Politics aside, there seems to be something remarkable about the NASCAR divide in that you either worship guys like Rusty Wallace and Jeff Gordon, or you've no idea who they are. So in the interest of bridging the NASCAR gap, the Independent invited local NASCAR champ Alan Smith to offer his thoughts on NASCAR: The IMAX Experience, now playing at Cinemark.
The film is a 47-minute NASCAR For Dummies primer that includes a brief history of the sport, short profiles of its legends (Dale Earnhardt, Richard Petty and Junior Johnson) and brief exegesis of its technical underpinnings. Where most IMAX films place spectacle over storytelling, Simon Wincer (Free Willy) manages to combine the two effectively. Of course, there's no shortage of vroom and boom-- with plenty of point-of-view shots taken inside the speeding cars, and sprawling shots of surging racetrack crowds to rival Triumph of the Will. All of this stresses one basic theme: This sport is HUGE.
The movie also makes interesting excursions like an all too brief glimpse at the workings of the pit crews. As both drivers and mechanics repeatedly stress, NASCAR is a team sport. Nowhere is this more evident than in the organic synchronicity of these seven-person crews, who train year-round to be able to swap out a set of tires, load gas and send their driver on his way in approximately 13 seconds.
The grandeur of IMAX, not to mention 3-D, doesn't exactly lend itself to subtle filmmaking. That said, Wincer's film could do without its unabashed jingoism. Every frame seems to include an American flag more mammoth than the next. Worse still are the incessant visual and discursive plugs for AOL Broadband, one of the film's co-producers.

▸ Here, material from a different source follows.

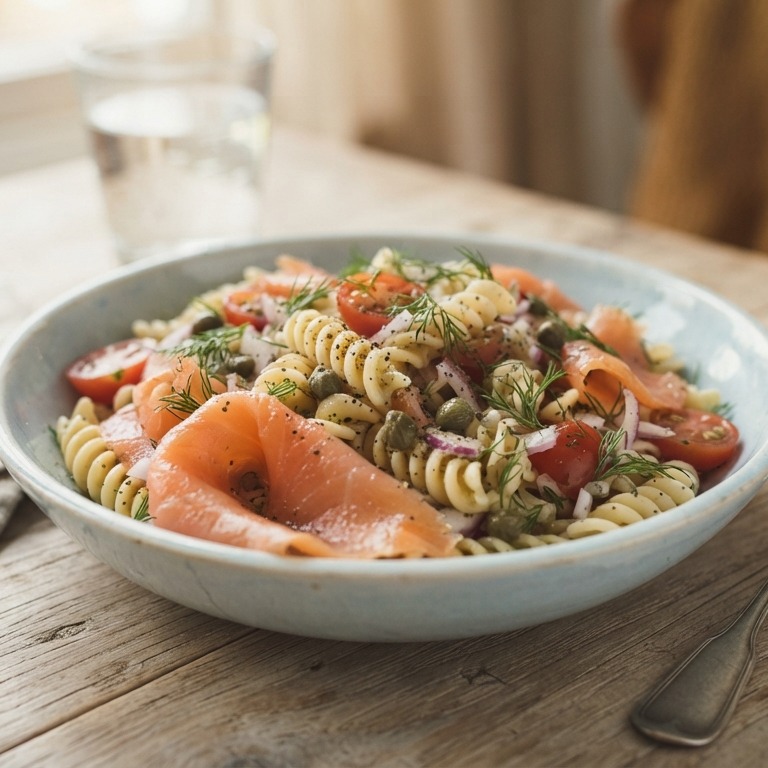 Pastasalade met gerookte zalm recept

Nevertheless, Smith gave the film a thumbs up even if none of it was news to someone who's been racing for the better part of 20 years. Smith, who holds track records at the Pueblo Motorsport Park and beyond, lays no claims at being film savvy ("I probably haven't been to the movies in five years.") but he thought the film was an accurate depiction of what NASCAR's all about.
Perhaps Wincer's film could've benefited by following the journalistic maxim of "follow the money." Professional NASCAR races typically find a car blazing through $15,000 worth of tires during a single afternoon. While politicians may exploit NASCAR's populism, scant attention is paid to the fact that it's extremely cost prohibitive. (Or maybe there's a NASCAR equivalent of Pop Warner that I'm not aware of.)
Smith notes that the only way to make a pile of money in racing is to start with an even bigger pile. His habit, he says, runs north of $15,000 a year defrayed somewhat by a sponsorship from Colorado Liquor Mart and his part-time employer, Lanier's Speed Shop.
While Smith may win a few grand at races in Kansas, Las Vegas and New Mexico, it never evens out in his favor. Yet he continues because it's the sport he loves.
Talk to NASCAR junkies and they'll speak of a mysterious, perhaps primal love of power and noise. Several drivers interviewed in the film remarked that witnessing the simultaneous firing of 43 engines, each nearly 800 horsepower, is an adrenaline rush that never goes away.
As Smith puts it: "43 cars going 180 miles per-hour, all six inches apart. What more do you want?"